Purtroppo, però, non sembrano andare così le cose. “Le istituzioni politiche che dovrebbero esercitare il ruolo di guida, sembrano non avere parole per reagire alla sfida dell’oggi e visioni per immaginare il futuro”, scrive Monda. Basterebbe invece guardare indietro nella storia, anche quella relativamente recente dell’Italia repubblicana, per rintracciare il solco lasciato da grandi uomini e statisti cattolici, oggi servi di Dio. Come Alcide De Gasperi, Giorgio La Pira o Benigno Zaccagnini.

Guardare agli statisti cattolici del passato

“Se vediamo indietro nella storia, sia quella civile che della Chiesa, vediamo che in realtà la storia presenta delle figure di uomini capaci di leggere in anticipo l’evolversi del tempo e di intervenire con spinta innovatrice e riformatrice”, scrive infatti il quotidiano della Santa Sede.

Già durante la guerra infatti, e al termine di questa, i grandi statisti cattolici cominciarono a pensare al dopo. “Noi oggi, ci dobbiamo preparare, dobbiamo pensare al dopo, a quando il fascismo sarà caduto, perché non ci vorrà molto”, disse De Gasperi già nel ’38, come scrive il politico Adriano Ossicini nella sua autobiografia.

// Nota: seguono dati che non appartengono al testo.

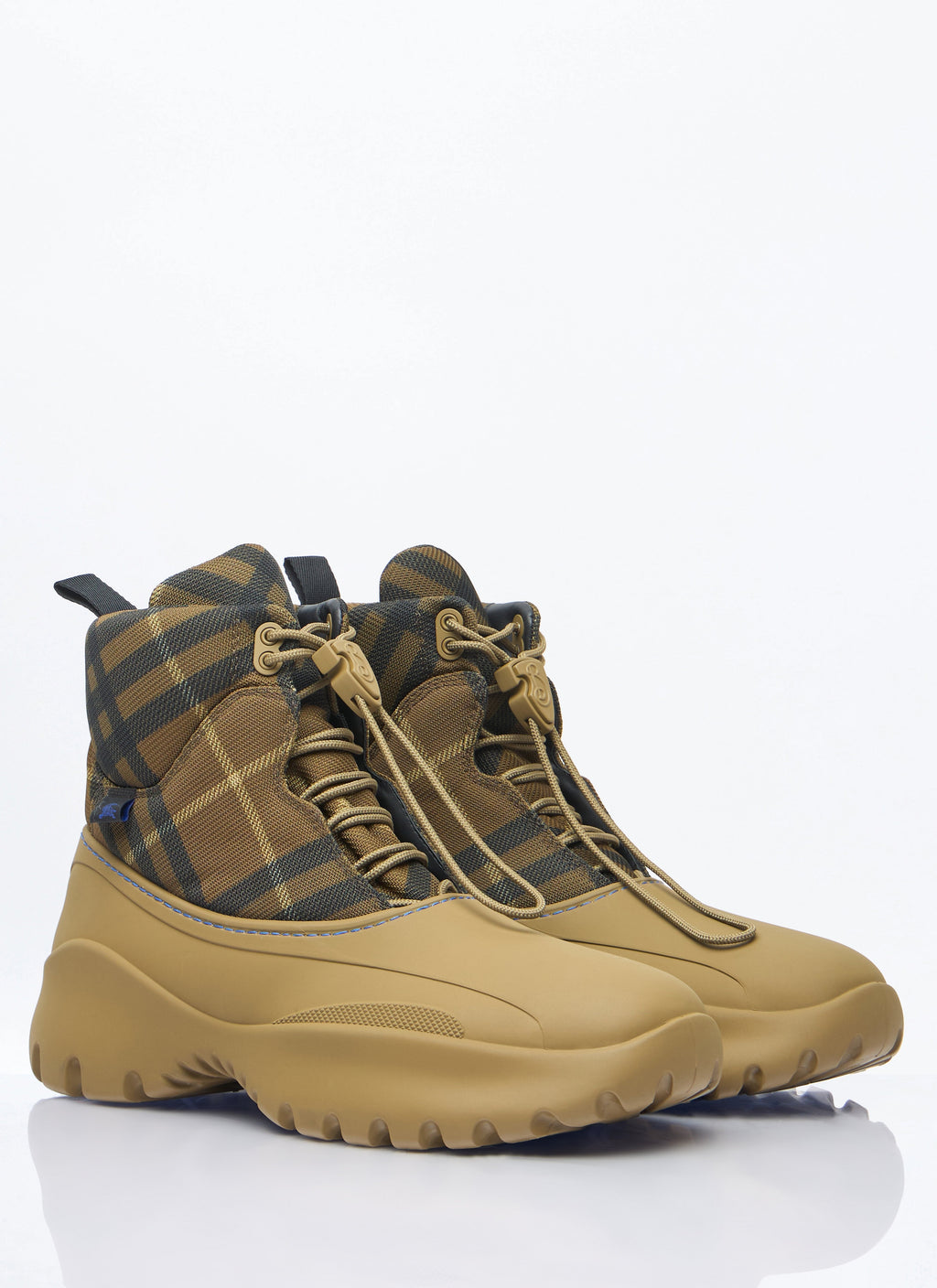 Burberry Men Check Scoot Trek Boots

Mattarella ha celebrato il 25 aprile da solo – Websource Archivio

Durante la guerra, la Chiesa pensava già al domani

In quegli anni in Vaticano, racconta invece lo storico Giuseppe Sangiorgi in un saggio su De Gasperi, già si cominciava “a preparare le schede della democrazia, una serie di studi monografici su vari temi, dalla politica estera e interna all’economia e alle questioni sociali, tutto materiale che poi confluì nei lavori dell’Assemblea Costituente”.

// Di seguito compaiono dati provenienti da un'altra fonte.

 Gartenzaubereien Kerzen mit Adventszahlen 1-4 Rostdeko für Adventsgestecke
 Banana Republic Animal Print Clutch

Tutto ciò fa osservare al direttore Monda che in quell’epoca storica “i cattolici arrivarono preparati alla sfida della ricostruzione del paese, grazie al lavoro di persone come lo statista trentino”. A differenza di oggi, dove purtroppo, sempre di più, l’impressione è che nelle stanze del potere si navighi a vista contro un male a oscuro di cui non si conosce né la provenienza ma ancora meno la direzione.

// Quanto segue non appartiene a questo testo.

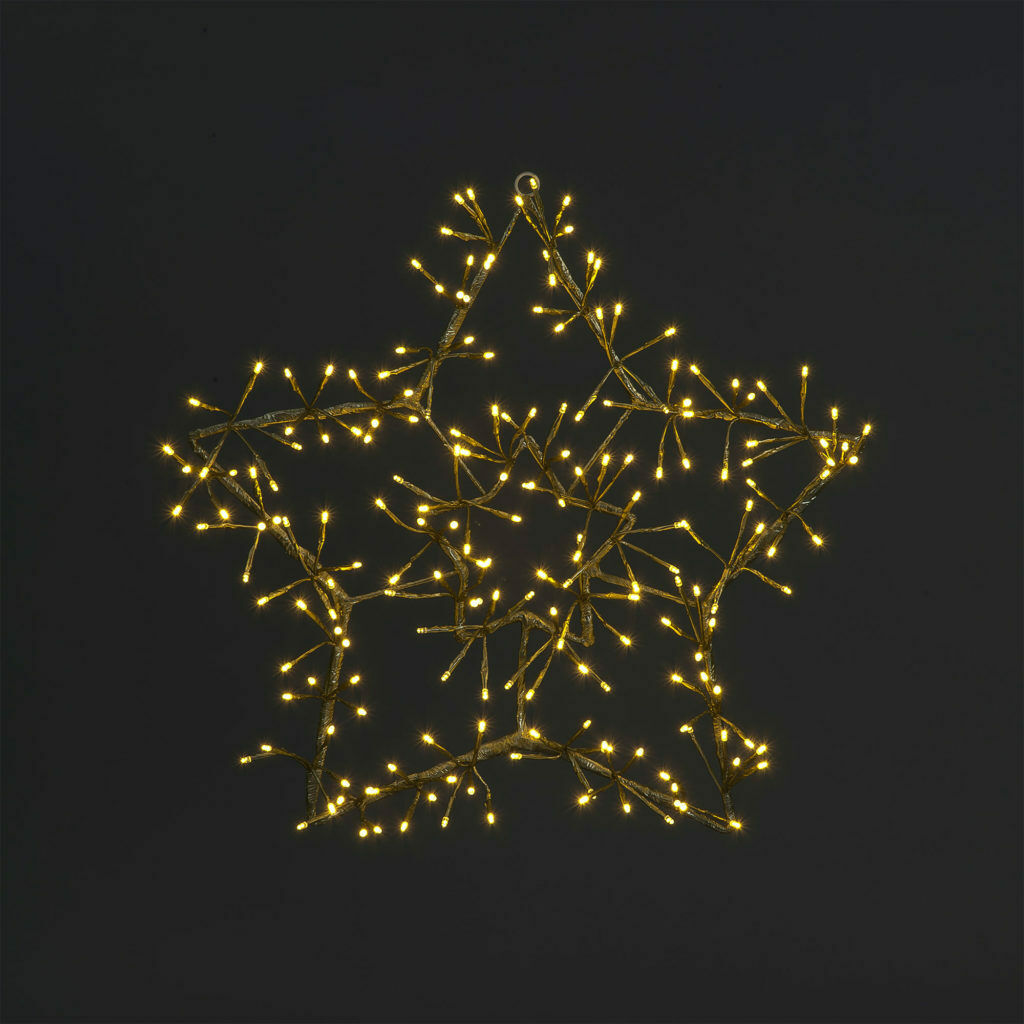 60cm LED Star Silhouette Light - Gold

Mai perdere la speranza, con Gesù nel cuore

Tuttavia, non bisogna perdere la speranza. Ma cercare di mantenere i nervi saldi nell’attesa del momento in cui, nelle retrovie, uomini e donne che portano Gesù nel cuore possano scegliere le soluzioni giuste per il bene del Paese.

Coronavirus Eucarestia
Preghiamo il Signore affinché la società ritrovi la strada dell’amore e del bene comune

“Questi uomini dunque esistono, e il Papa ci esorta oggi a pregare per loro, perché senza l’aiuto degli altri e delle loro preghiere, essi non avrebbero potuto svolgere il loro lavoro profetico di cui sempre, non solo oggi, il mondo ha bisogno”.